Он тяжело опускается, и по его осунувшемуся лицу видно, что все не прошло бесследно, и ему сейчас очень нехорошо.
-Позволь, я помогу тебе раздеться...
Он смотрит оценивающе, но в глазах постепенно загорается тепло:
-Хорошо... Только сапоги все сам сниму. Чтоб тебе не пришлось мыть руки лишний раз.
А разувшись, без сил откидывается на подушку.
Мне не привыкать раздевать не сопротивляющихся — от навалившегося бессилия — измученных, окровавленных мужчин. Поэтому снять с него рубашку и штаны не составило большого труда.
-Какие у тебя руки... Ты разрешишь мне тебя поцеловать еще раз?
-Стил, давай в другой раз? Сейчас просто некогда, — разматываю бинт с его головы. — Мне придется наложить швы, чтобы рана зажила быстрее.
-Так в чем дело? Я не мешаю.
-Сейчас я напою тебя ромом, и через несколько минут зашью. Ты заснешь и проснешься к обеду, зато отдохнувшим и немного набравшимся сил. Все же крови было многовато... Голова не кружится?
-Есть немного, но не от удара, а просто от усталости.
Протягиваю фляжку.
-Нет, Марта. Давай обойдемся без пьяного дурмана.
-Зачем терпеть лишнюю боль? Ты и так с этой раной проходил на ногах весь день.
-Тогда несколько минут меня точно не отправят к праотцам.
-Нет сил спорить и вливать насильно, еще и поперхнешься. Давай, если будет тяжко, то попросишь?
-Согласен, — и он вытягивается с закрытыми глазами.
Стараюсь действовать как можно аккуратнее и быстрее, чтобы не растягивать его мучения и не причинять дополнительных.
Его губы плотно сжаты, а скулы заострились и побледнели еще больше. Не выдерживаю и наклоняюсь, целую эти губы и эти скулы:
-Еще немножко... Ты все еще терпишь? Или все же налить?
Он молча мотает головой по подушке. Еще четыре стежка.
Снова целую:
-Ну, вот и все позади. Сейчас я нанесу мазь, и будет совсем хорошо, она успокоит жжение.
-Спасибо, солнышко мое, — он улыбается своими бледными губами, и я целую его еще раз.
Святая Мария, что же я делаю? Когда перевязка закончена, мы снова целуемся. Спохватываюсь:
-Погоди, сейчас я мигом, принесу отвар, напою тебя. Это лучше, чем просто водой. Заодно и ребят проведаю.
И выскальзываю за дверь.

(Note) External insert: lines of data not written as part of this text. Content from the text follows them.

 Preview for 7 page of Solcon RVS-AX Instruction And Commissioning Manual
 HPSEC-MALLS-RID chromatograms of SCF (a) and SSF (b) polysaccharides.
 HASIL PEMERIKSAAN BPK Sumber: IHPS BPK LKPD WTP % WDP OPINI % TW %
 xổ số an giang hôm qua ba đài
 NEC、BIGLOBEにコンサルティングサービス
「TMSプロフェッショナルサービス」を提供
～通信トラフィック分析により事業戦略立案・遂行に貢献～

Шевеление в темном коридоре меня не испугало — мог идти сменившийся вахтенный, мог и просто кто-то отлить за борт. Или шныряет наглое животное кока.
В лазарете темно и тихо, и стонов в пределах ожидаемого. Но на всякий случай почти наощупь, в свете маленькой масляной лампы, с которой и бегаю эту ночь, проверяю того парня с простреленным плечом — все же операция была самой трудной за этот день. Пятен крови на повязке почти нет, значит, зашить его удалось, а остальное — дело ухода и случая.

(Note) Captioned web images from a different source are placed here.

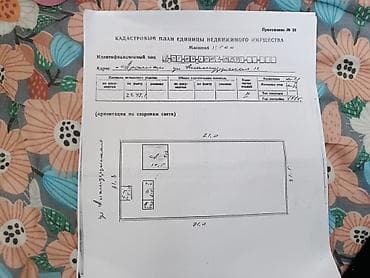 село тюп: Продаётся земельный участок с домом и хозпостройками по адресу: село — 2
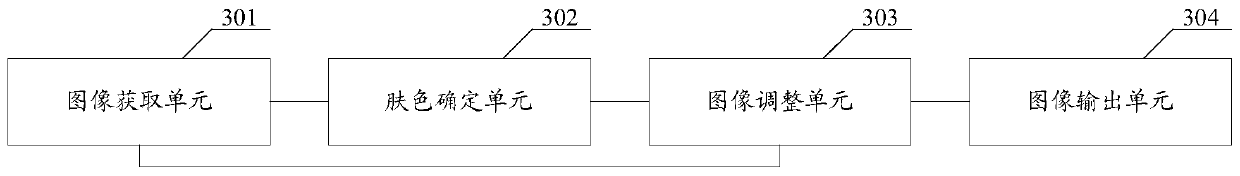 A video image processing method and device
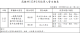 1150209_役政科115年2月役男入營日程表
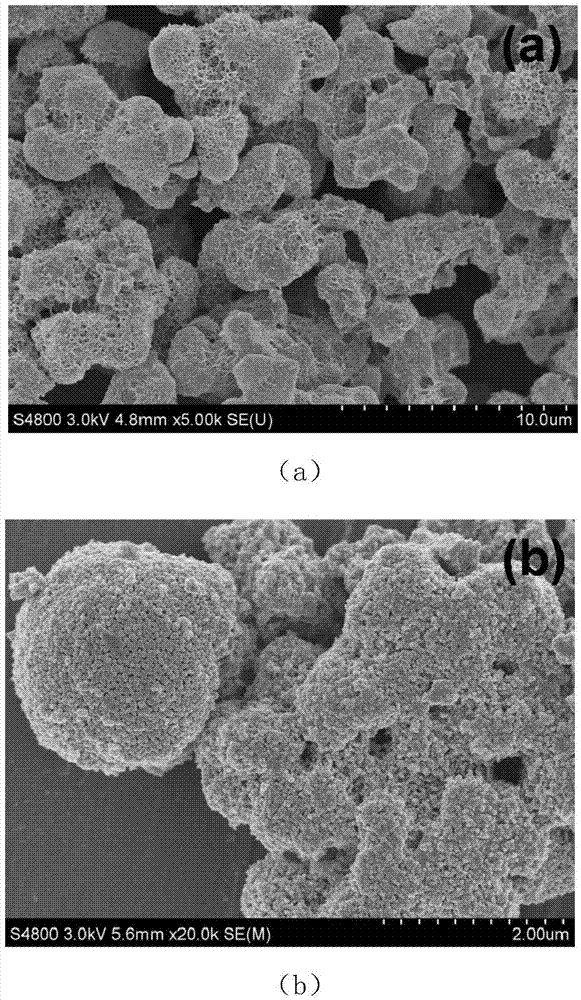 Method for preparing carbon doped zinc oxide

Как ни торопилась, но немного покопошиться пришлось — кому-то понадобилось таки ведро, у кого-то съехала повязка. Наконец, с кружкой отвара в одной руке и лампой в другой выбираюсь снова в коридор.

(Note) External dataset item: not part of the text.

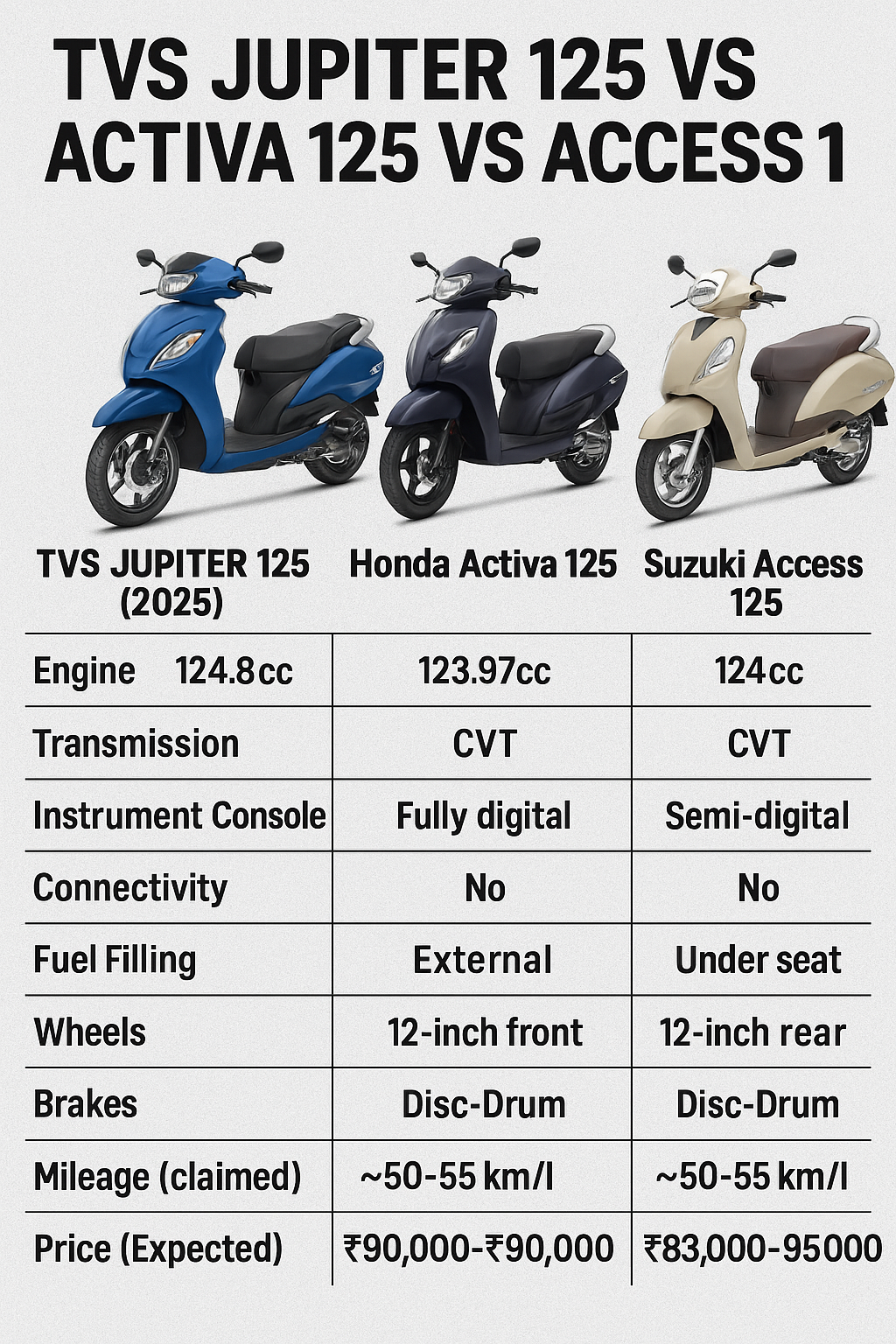 TVS Jupiter125 vs Activa125 vs Access 125 Side by Side Comparison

Доносится какой-то разговор, причем явно высокий женский голос. Кто это? У капитана совершенно другой. Может, таинственная донна Маргарита? Но она же под замком в каюте боцмана, с ворчанием переселенного временно на бак, и к тому закрыта на ключ.
Тем не менее, я останавливаюсь и прислушиваюсь. Более того, разговаривают в каюте Стила:
-Голубок, но я к тебе еще раз забегу.
-Пожалуйста, я прошу Вас, леди...
И ее смех, обрывающий конец его фразы.
Дверь распахивается.
Стил, без рубашки, босой, но в штанах:
-Леди, я еще раз прошу Вас покинуть мою каюту. И сейчас я вызову вахтенного, чтобы Вас препроводили в отведенное место.
-Сама найду дорогу, — высокая, тоненькая девушка с черными как смоль локонами, падающими ей на плечи из-под темной кружевной накидки, мелкими изящными шажками пытается пройти мимо меня. — Куда мне деться с корабля в открытом море?